Hypersensitivity reactions.

Pseudomembranous colitis: This condition may occur due to the overgrowth of Clostridium difficile, which can be treated by metronidazole or vancomycin.

Chloramphenicol

Spectrum: Despite its wide range of antimicrobial activity, it has limited use because of its serious adverse reactions and the increased incidence of bacterial resistance, It covers:

  • Gram-positive bacteria, except Enterococcus.
  • Gram-negative bacteria, except Enterobacter, Pseudomonas, and Proteus.
  • Anaerobes.

Pharmacokinetics

Chloramphenicol is rapidly and completely absorbed from the gastrointestinal tract and is not affected by food ingestion or metal ions. Parenteral administration is generally reserved for situations, in which oral therapy is contraindicated as in the treatment of meningitis septicemia.

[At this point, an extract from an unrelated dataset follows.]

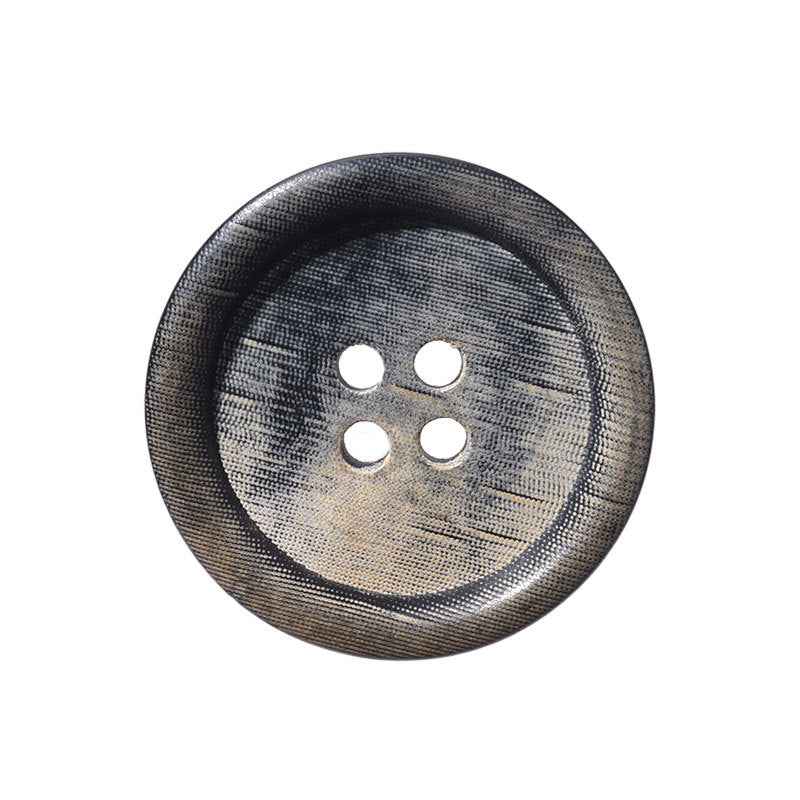 15-25mm Black Genuine Buffalo Horn Buttons for High End Men's Suits and Coats 2pcs - Lots of Buttons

It penetrates the brain and crosses the placental barrier, Chloramphenicol is inactivated in the liver by glucuronosyltransferase and is rapidly excreted (80-90% of dose) in the urine.

Therapeutic uses

  1. Meningitis: it is not used empirically. It is used as a specific antibiotic treatment after the identification of causative microorganisms through culture and antibiotic susceptibility testing. It is an alternative drug for the treatment of Streptococcus pneumonia, N. meningitidis, and H. influenzae.
  2. Typhoid fever and paratyphoid fever: The recent improvement in susceptibility of Salmonella typhi to chloramphenicol (despite its lower performance compared to ceftriaxone), resulted in its re-consideration again as one of the drugs of choice for the treatment of typhoid fever in Egypt.
  3. It is used topically in the treatment of eye infections as ophthalmic drops and ointments.

Adverse Reactions

  1. Gastrointestinal upsets: It is either due to direct irritation or superinfection.
  2. Bone marrow suppression: Anemia is dose-dependent and reversible.
  3. Aplastic anemia is a rare and idiosyncratic reaction that is irreversible and fatal.
  4. Gray Baby syndrome is manifested by cyanosis and circulatory failure. It is more likely to occur in premature neonates due to less glucuronyl transferase activity.

Linezolid

Spectrum: It has activity against all Gram-positive cocci including MRSA, Vancomycin Resistant Staph aureus (VRSA) and Vancomycin-Resistant Enterococci (VRE).

Pharmacokinetics

It has excellent oral bioavailability and when given orally, it achieves plasma concentrations comparable to the intravenous route. It does not need dose adjustment for renal failure.

Therapeutic Uses: MRSA infections.

Adverse Reactions

  1. Thrombocytopenia.
  2. Serotonin syndrome occurs if given with other drugs increasing serotonin. This is due to its ability to inhibit the MAO enzyme responsible for the metabolism of serotonin.